_Given data_
======

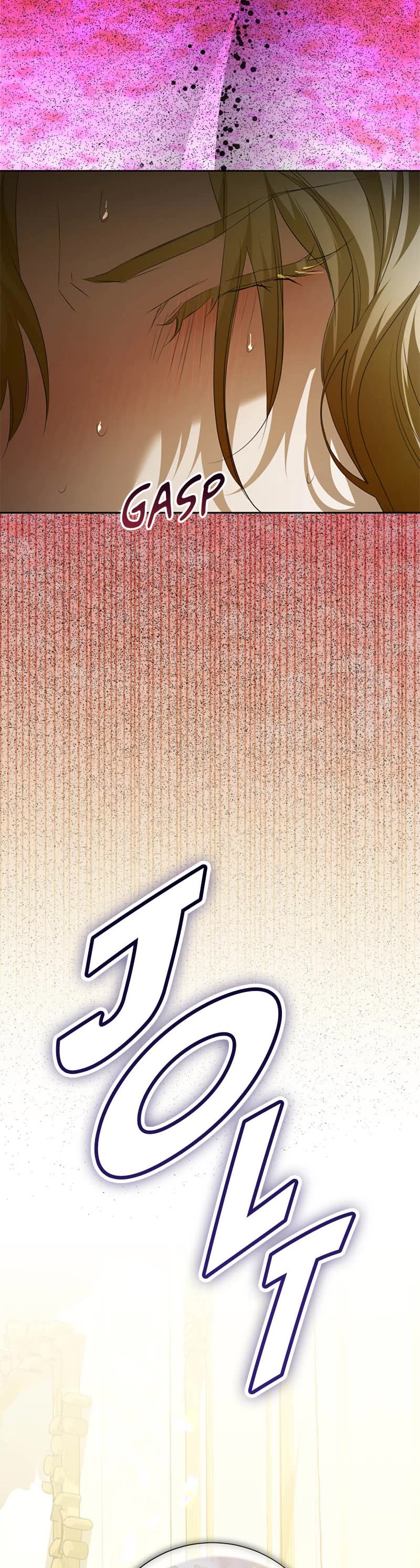 I Want to Be You, Just For a Day chapter 193 page 54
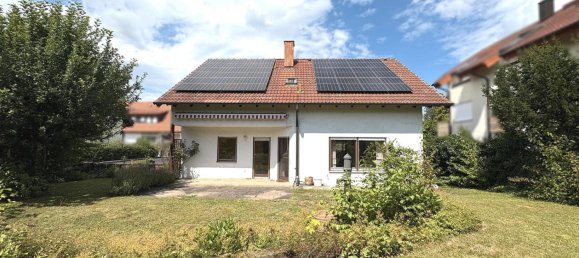 10-salle Maison de ville à Heilbronn, Germany No. 224749 2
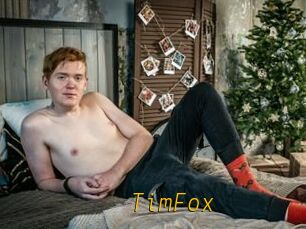TimFox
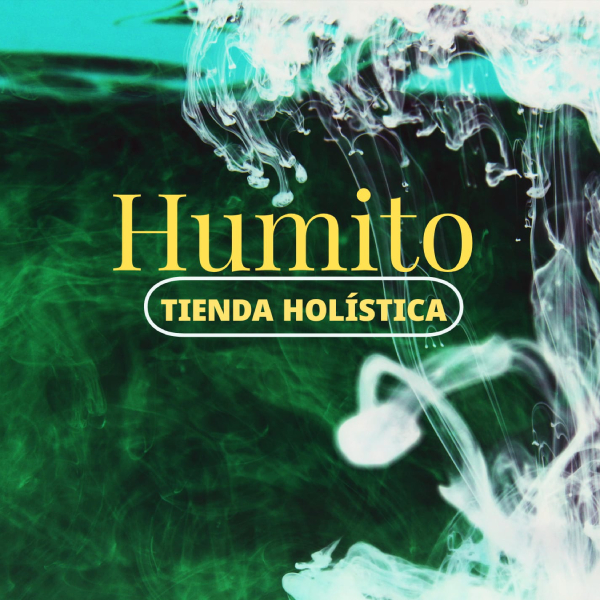 Humito – tienda holística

======

_Work order_
Pictures stay out; everything else in the listing above gets restated word for word.

_Answer to the exercise_
 I Want to Be You, Just For a Day chapter 193 page 54
 10-salle Maison de ville à Heilbronn, Germany No. 224749 2
TimFox
 Humito – tienda holística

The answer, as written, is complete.